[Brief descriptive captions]
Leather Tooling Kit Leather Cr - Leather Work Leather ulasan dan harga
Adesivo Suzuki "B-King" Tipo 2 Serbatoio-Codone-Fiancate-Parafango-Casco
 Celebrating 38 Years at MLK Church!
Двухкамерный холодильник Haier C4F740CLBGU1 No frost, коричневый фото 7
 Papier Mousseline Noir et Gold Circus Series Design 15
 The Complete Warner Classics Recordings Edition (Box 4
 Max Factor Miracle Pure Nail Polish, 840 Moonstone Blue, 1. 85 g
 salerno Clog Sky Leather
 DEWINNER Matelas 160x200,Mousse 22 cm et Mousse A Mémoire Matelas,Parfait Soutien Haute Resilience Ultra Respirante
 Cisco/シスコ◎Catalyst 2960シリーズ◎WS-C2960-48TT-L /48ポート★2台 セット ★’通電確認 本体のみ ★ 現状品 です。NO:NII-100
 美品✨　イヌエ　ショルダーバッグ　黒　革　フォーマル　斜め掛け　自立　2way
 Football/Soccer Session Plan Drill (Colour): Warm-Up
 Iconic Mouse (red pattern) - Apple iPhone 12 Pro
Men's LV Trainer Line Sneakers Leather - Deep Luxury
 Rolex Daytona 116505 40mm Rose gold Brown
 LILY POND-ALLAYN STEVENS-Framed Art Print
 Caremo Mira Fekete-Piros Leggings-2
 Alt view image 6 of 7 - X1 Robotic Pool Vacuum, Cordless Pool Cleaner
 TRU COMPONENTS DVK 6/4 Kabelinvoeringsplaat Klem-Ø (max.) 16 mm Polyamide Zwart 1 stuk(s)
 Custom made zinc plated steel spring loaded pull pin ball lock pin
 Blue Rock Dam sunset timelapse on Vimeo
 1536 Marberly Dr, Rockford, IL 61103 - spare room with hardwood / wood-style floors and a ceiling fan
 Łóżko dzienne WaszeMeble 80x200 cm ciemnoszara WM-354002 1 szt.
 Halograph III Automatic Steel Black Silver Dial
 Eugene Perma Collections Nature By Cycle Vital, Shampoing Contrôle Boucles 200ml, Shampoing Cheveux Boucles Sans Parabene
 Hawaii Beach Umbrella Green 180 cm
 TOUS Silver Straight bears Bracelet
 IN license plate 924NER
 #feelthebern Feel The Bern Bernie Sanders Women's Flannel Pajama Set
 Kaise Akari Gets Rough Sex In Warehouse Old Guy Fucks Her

## Problem description:
Report the lines above that contain "Blue".

## Exercise answer:
 Max Factor Miracle Pure Nail Polish, 840 Moonstone Blue, 1. 85 g
 Blue Rock Dam sunset timelapse on Vimeo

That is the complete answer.